Collin Lyon, wealth strategy advisor at Anderson Financial Strategies in Dayton, Ohio, said parents often worry about telling their children how much their inheritance might be.

"I tell clients to leave dollars and cents out of the conversation," he said. "Keep it centered around the values and lessons you learned while you accumulated the money. Talk about the sacrifices you made and the work you put in to grow that wealth. Often, communicating the path you took to build your wealth rather than how much that wealth is worth helps make the discussion more of a heart-to-heart chat and can take greed out of the equation."

A third-party perspective can be beneficial

Rebecca Conner, founder of SeedSafe Financial in Austin, Texas, said a misalignment of values means it's time to bring in a third party to mediate.

"It's better to learn about these issues, and possibly create new perspectives before someone is left stewing over what happened once it's too late," she said.

David J. Hunter, owner and lead advisor of First Light Wealth in Hershey, Pennsylvania, said advisors should maintain a relationship with an estate planning attorney who can help breed collaboration.

"Many attorneys are open and appreciative of me attending the meeting," he said. "Clients love this as it eliminates them being the 'middleman' with communication."

Edward Jastrem, chief planning officer for Heritage Financial in Westwood, Massachusetts, said many clients view their estate plan as their attorney's responsibility and their financial plan as their advisor's responsibility, with no real cross-over.

"As advisors, you can help bridge this gap by educating the client on the importance of having the two work together," he said. "Once a solid estate plan is in place, working with the client and their attorney on funding the plan is essential."

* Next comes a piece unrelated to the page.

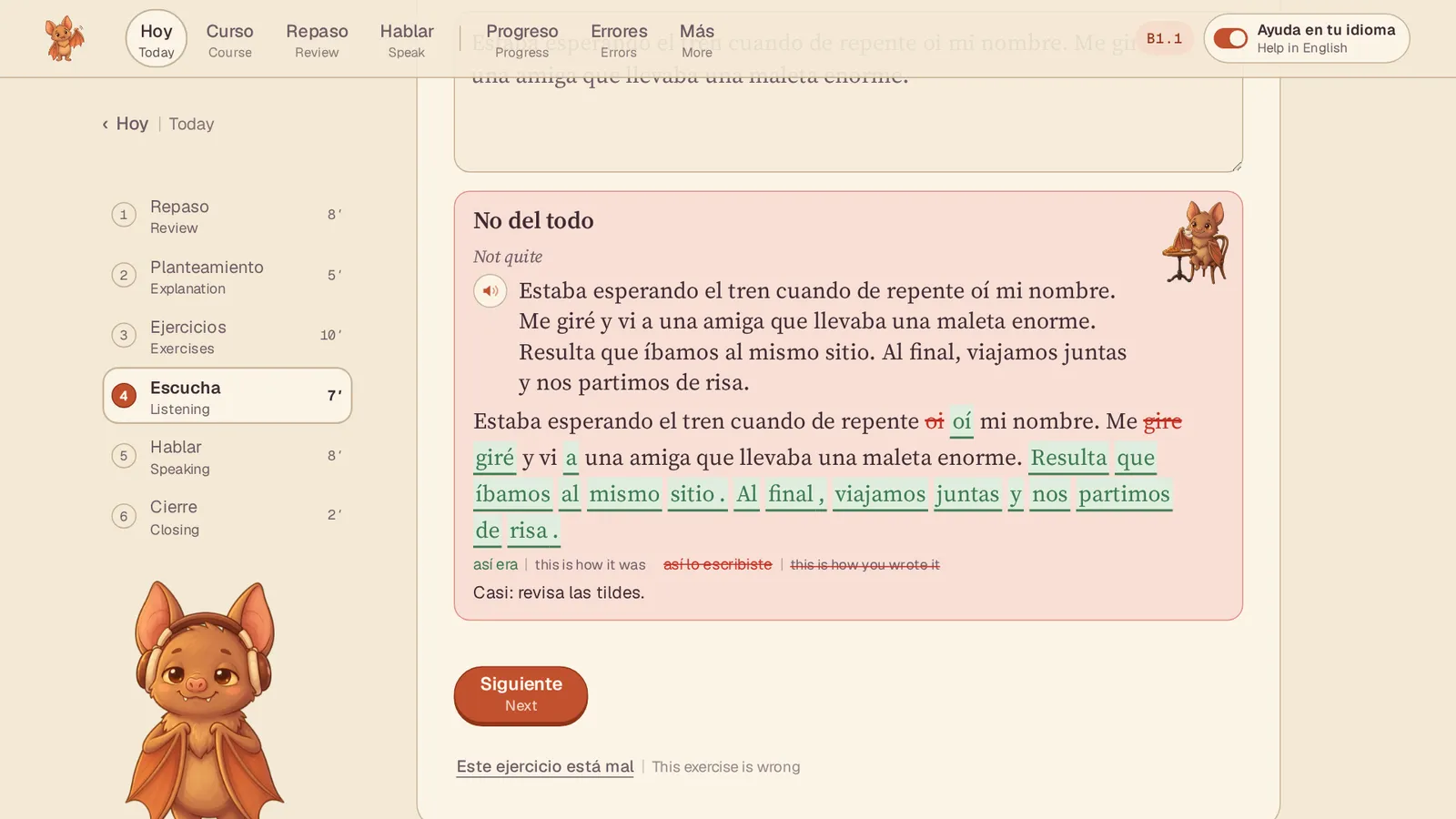 A dictation: «No del todo», the text that was read, and your text marked word by word — oi → oí, gire → giré — with the line «Casi: revisa las tildes»
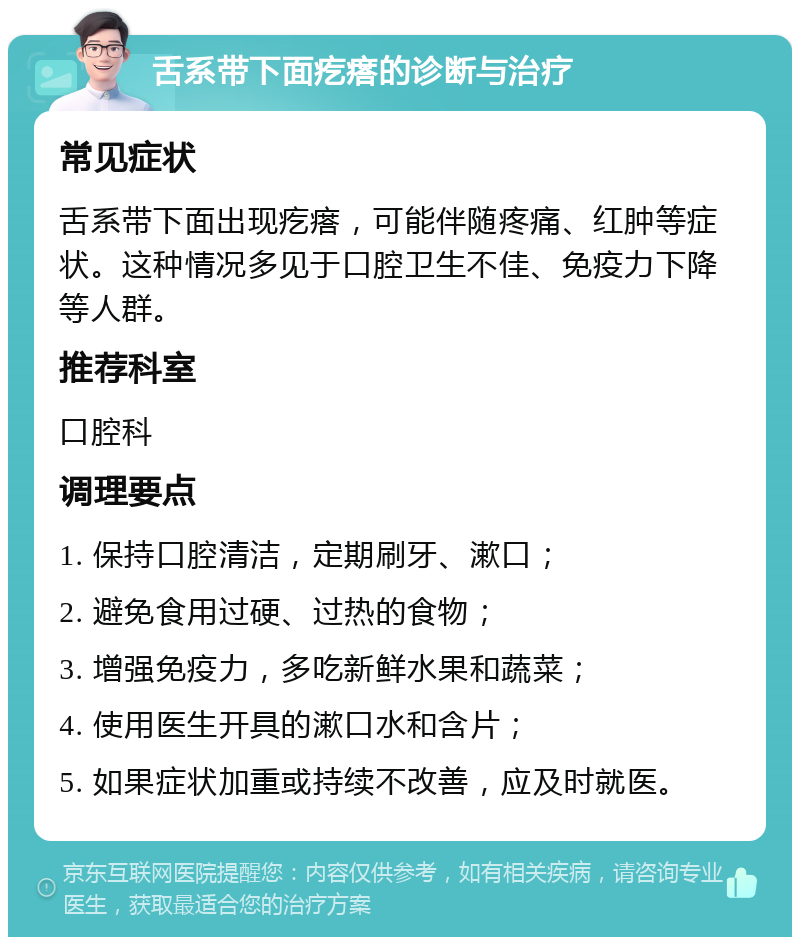 舌系带下面疙瘩的诊断与治疗 常见症状 舌系带下面出现疙瘩，可能伴随疼痛、红肿等症状。这种情况多见于口腔卫生不佳、免疫力下降等人群。 推荐科室 口腔科 调理要点 1. 保持口腔清洁，定期刷牙、漱口； 2. 避免食用过硬、过热的食物； 3. 增强免疫力，多吃新鲜水果和蔬菜； 4. 使用医生开具的漱口水和含片； 5. 如果症状加重或持续不改善，应及时就医。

Rodney M. Loesch, senior partner at LifeGoals Strategies Group in Lee's Summit, Missouri, said a lack of candidness with heirs about the reasoning behind their decisions is the cause of many communication issues.

"Sometimes they don't want to rock the proverbial boat now, and think things will work themselves out in the future, maybe after their demise," he said. "I have seen successful communications when the advisor has a 'rehearsal' of the meeting and coaches the narrative."